[Input records Boundary: Start]
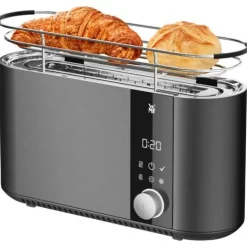 Master Set: Langschlitz-Toaster mit Brötchenaufsatz und Wasserkocher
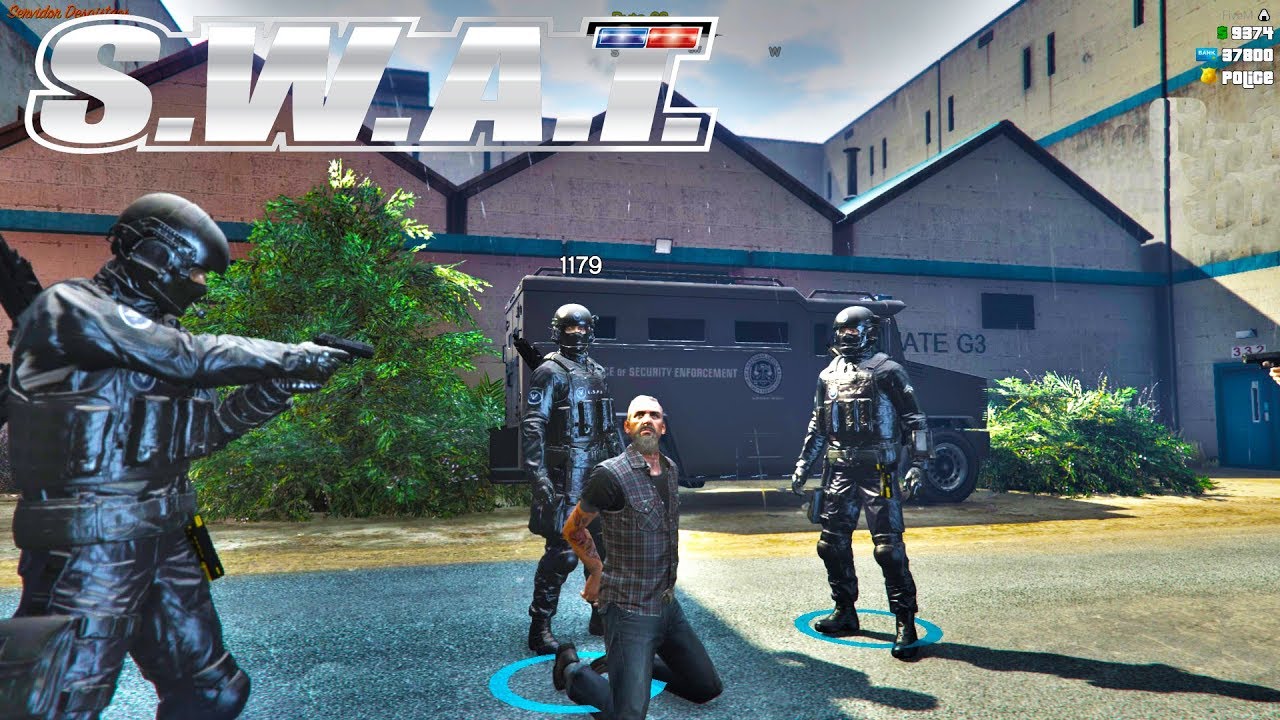 🚔 LSPDFR ONLINE | OPERATIVO SWAT - CAZANDO A UN TRAFICANTE | MINIMUH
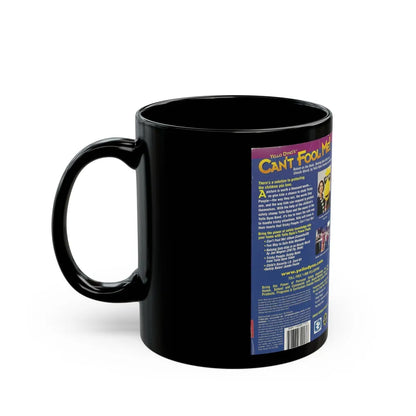 YELLO DYNOS CANT FOOL ME TRICKY PEOPLE MY BODYS MINE (VHS COVER) - Black Coffee Mug-Go Mug Yourself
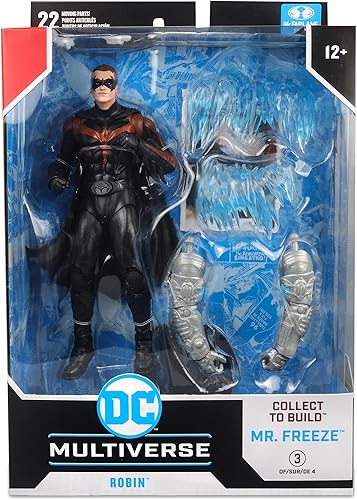Miniatura 11 de McFarlane Toys - DC Multiverse Robin (Batman & Robin) 7 pulgadas Build-A Figura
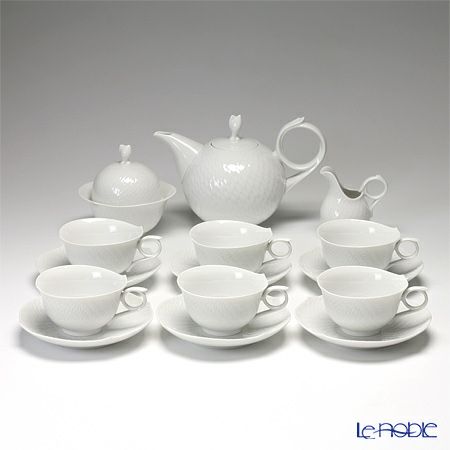 マイセン（Meissen） 波の戯れホワイト 17ピースセット（ティー）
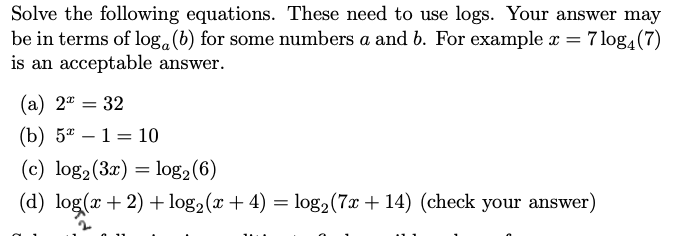 Solved Solve the following equations. These need to use | Chegg.com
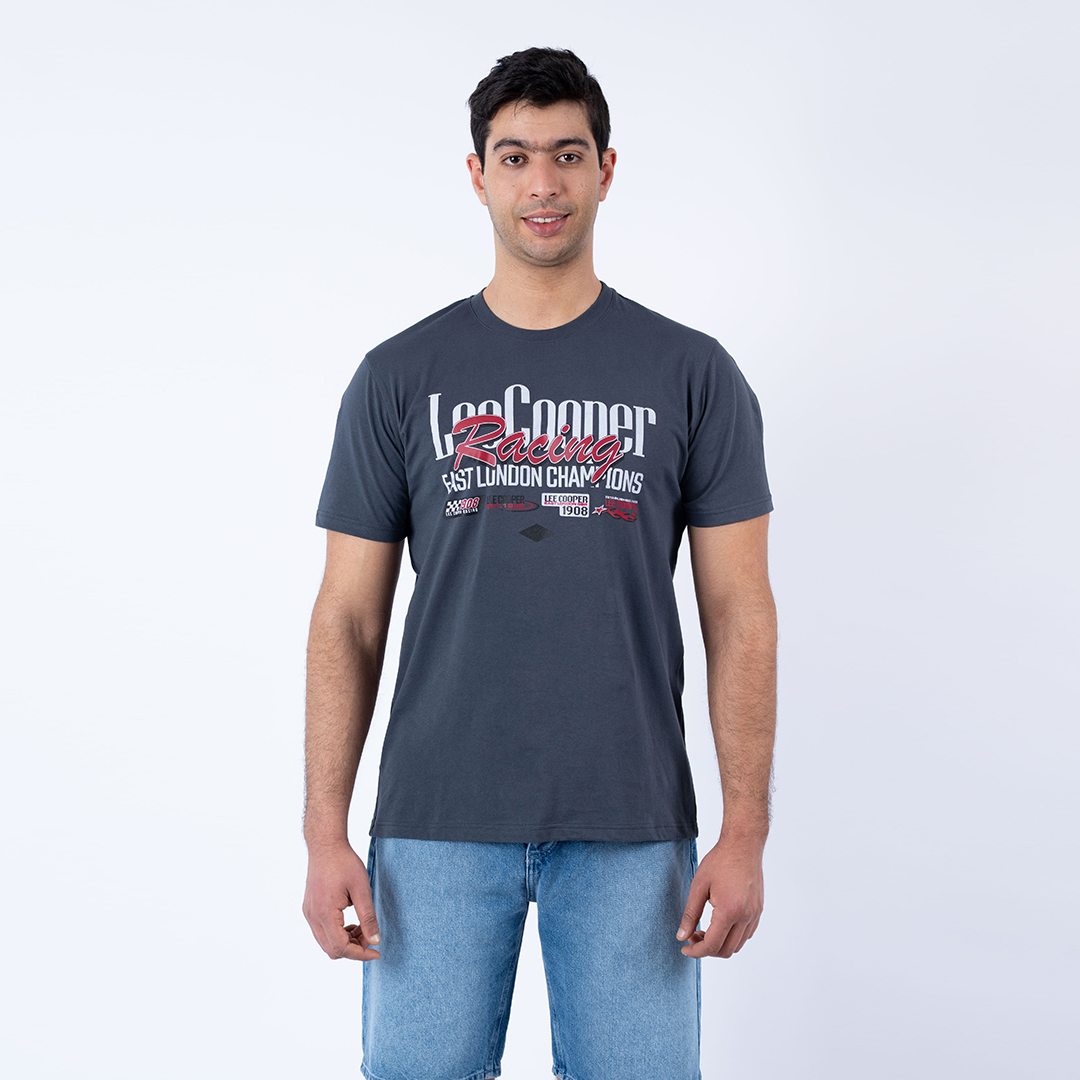 Lee Cooper T-Shirt Maille-04 Ant-2 Alma Homme Nat.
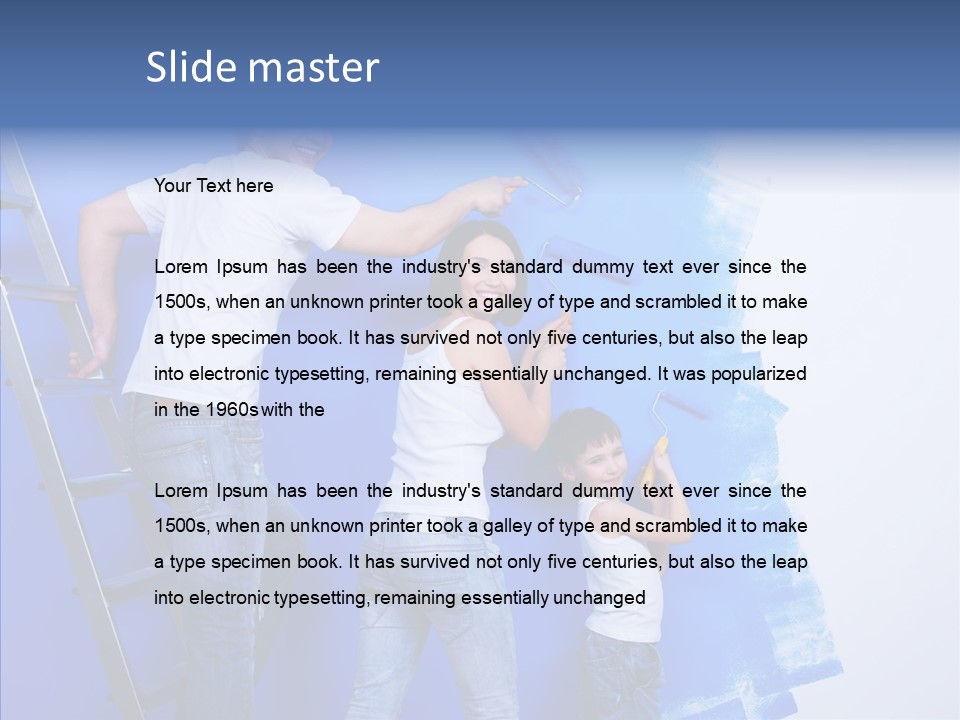 Grandmother Elder Close Up PowerPoint Template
[Input records Boundary: End]
■ **What to do**
Find the line that contains "TRAFICANTE | MINIMUH". Copy it and every line after it through the end of the listing exactly, but not the pictures.

■ **Output for this exercise**
 🚔 LSPDFR ONLINE | OPERATIVO SWAT - CAZANDO A UN TRAFICANTE | MINIMUH
 YELLO DYNOS CANT FOOL ME TRICKY PEOPLE MY BODYS MINE (VHS COVER) - Black Coffee Mug-Go Mug Yourself
Miniatura 11 de McFarlane Toys - DC Multiverse Robin (Batman & Robin) 7 pulgadas Build-A Figura
 マイセン（Meissen） 波の戯れホワイト 17ピースセット（ティー）
 Solved Solve the following equations. These need to use | Chegg.com
 Lee Cooper T-Shirt Maille-04 Ant-2 Alma Homme Nat.
 Grandmother Elder Close Up PowerPoint Template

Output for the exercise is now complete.